Initial treatment of high-pressure injection injury includes tetanus prophylaxis, broad-spectrum antibiotics, and consultation with a hand surgeon. Injections with air, gas, or small amounts of veterinary vaccines can usually be managed with observation and serial examinations if there is no concern about compartment syndrome. Injections with other liquid materials may require emergent surgical débridement, with the best results when the injury is treated within 6 hours. Wide surgical irrigation and debridement of necrotic tissues should be performed under general or regional anesthesia. Organic and caustic materials are associated with a higher amputation rate, and decreasing the time from injury to surgery improves the prognosis.


Emergency Department Care

Emergency department care for high-pressure hand injuries includes the following:

  • Obtain radiographs.

  • Prescribe broad-spectrum prophylactic antibiotics.

  • Update tetanus and administer parenteral analgesics.

  • Splint the extremity and keep it elevated.

  • Several authors report that steroids may be beneficial in selected cases, especially when an intense inflammatory response develops or treatment is delayed.

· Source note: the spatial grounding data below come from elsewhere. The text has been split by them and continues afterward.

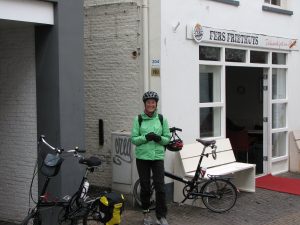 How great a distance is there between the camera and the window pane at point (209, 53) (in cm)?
905

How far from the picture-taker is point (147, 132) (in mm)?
6785

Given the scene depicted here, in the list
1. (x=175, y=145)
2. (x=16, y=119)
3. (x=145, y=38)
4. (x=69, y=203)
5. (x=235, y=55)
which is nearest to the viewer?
(x=69, y=203)

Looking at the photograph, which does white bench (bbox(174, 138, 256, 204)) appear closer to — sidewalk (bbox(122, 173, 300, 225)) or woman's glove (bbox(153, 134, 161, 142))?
sidewalk (bbox(122, 173, 300, 225))

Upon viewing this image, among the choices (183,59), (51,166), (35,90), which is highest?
(183,59)

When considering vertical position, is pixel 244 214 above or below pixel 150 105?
below

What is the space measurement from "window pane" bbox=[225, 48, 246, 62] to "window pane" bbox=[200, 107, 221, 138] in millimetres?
1003

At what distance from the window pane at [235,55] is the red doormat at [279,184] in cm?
247

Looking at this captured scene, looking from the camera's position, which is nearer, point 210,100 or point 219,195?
point 219,195

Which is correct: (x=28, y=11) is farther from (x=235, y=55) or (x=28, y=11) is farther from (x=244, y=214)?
(x=235, y=55)

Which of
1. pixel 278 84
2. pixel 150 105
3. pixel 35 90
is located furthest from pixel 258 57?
pixel 35 90

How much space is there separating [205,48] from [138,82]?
1.52 m

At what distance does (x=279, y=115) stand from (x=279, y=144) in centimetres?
66

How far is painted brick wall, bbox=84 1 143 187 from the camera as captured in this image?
8.49 metres

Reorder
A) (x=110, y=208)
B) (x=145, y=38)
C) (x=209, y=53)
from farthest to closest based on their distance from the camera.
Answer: (x=209, y=53), (x=145, y=38), (x=110, y=208) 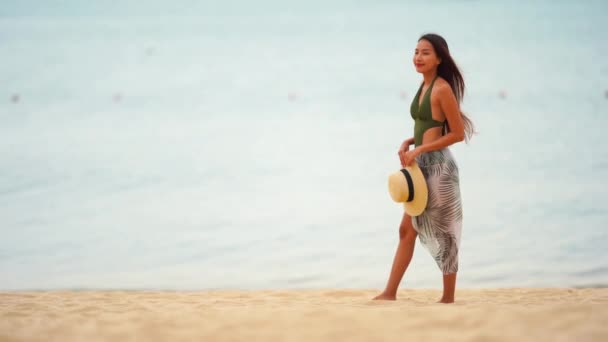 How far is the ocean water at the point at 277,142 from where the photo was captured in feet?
25.3

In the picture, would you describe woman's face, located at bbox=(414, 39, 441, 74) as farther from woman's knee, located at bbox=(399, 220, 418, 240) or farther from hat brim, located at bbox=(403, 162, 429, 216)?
woman's knee, located at bbox=(399, 220, 418, 240)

Emergent consultation with an experienced hand surgeon is required. Prompt surgical debridement optimizes tissue salvage.

Medication Summary

The goal of therapy is to prevent infections. Prophylactic broad-spectrum antibiotics are indicated.


Class Summary

Therapy must cover all likely pathogens in the context of the clinical setting.

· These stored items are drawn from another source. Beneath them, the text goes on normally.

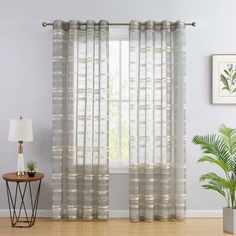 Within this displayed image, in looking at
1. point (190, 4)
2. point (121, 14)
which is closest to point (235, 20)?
point (190, 4)

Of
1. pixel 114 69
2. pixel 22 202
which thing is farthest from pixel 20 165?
pixel 114 69

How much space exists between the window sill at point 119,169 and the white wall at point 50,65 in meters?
0.09

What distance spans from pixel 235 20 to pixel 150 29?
45.7 inches

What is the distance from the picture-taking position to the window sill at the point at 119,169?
16.4 feet

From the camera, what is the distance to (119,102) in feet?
16.6

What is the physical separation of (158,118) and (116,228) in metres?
1.42

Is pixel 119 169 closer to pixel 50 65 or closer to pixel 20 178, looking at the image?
pixel 20 178

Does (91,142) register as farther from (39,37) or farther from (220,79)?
(220,79)

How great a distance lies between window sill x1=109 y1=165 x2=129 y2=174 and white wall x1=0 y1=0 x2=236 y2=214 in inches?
3.4

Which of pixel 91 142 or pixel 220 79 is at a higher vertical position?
pixel 220 79

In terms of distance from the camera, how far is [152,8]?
5.05m

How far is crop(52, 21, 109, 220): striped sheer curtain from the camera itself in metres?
4.79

Cefazolin (Ancef, Kefzol, Zolicef)

DOC; first-generation semisynthetic cephalosporin which, by binding to one or more penicillin-binding proteins, arrests bacterial cell wall synthesis and inhibits bacterial growth. Primarily active against skin flora, including Staphylococcus aureus.

Trimethoprim/sulfamethoxazole (Bactrim, Bactrim DS)

Inhibits bacterial synthesis of dihydrofolic acid by competing with para-aminobenzoic acid, inhibiting folic acid synthesis and thus bacterial growth. Antibacterial activity of TMP-SMZ includes common urinary tract pathogens except Pseudomonas aeruginosa.

Clindamycin (Cleocin)

Lincosamide useful as treatment against serious skin and soft-tissue infections caused by most staphylococci strains. Also effective against aerobic and anaerobic streptococci, except enterococci.

Tetracycline (Sumycin)

Treats susceptible bacterial infections of both gram-positive and gram-negative organisms, as well as infections caused by Mycoplasma, Chlamydia, and Rickettsia species. Inhibits bacterial protein synthesis by binding with 30S and possibly 50S ribosomal subunit(s) of susceptible bacteria.

Amoxicillin (Amoxil, Biomox, Trimox)

Interferes with synthesis of cell wall mucopeptide during active multiplication, resulting in bactericidal activity against susceptible bacteria.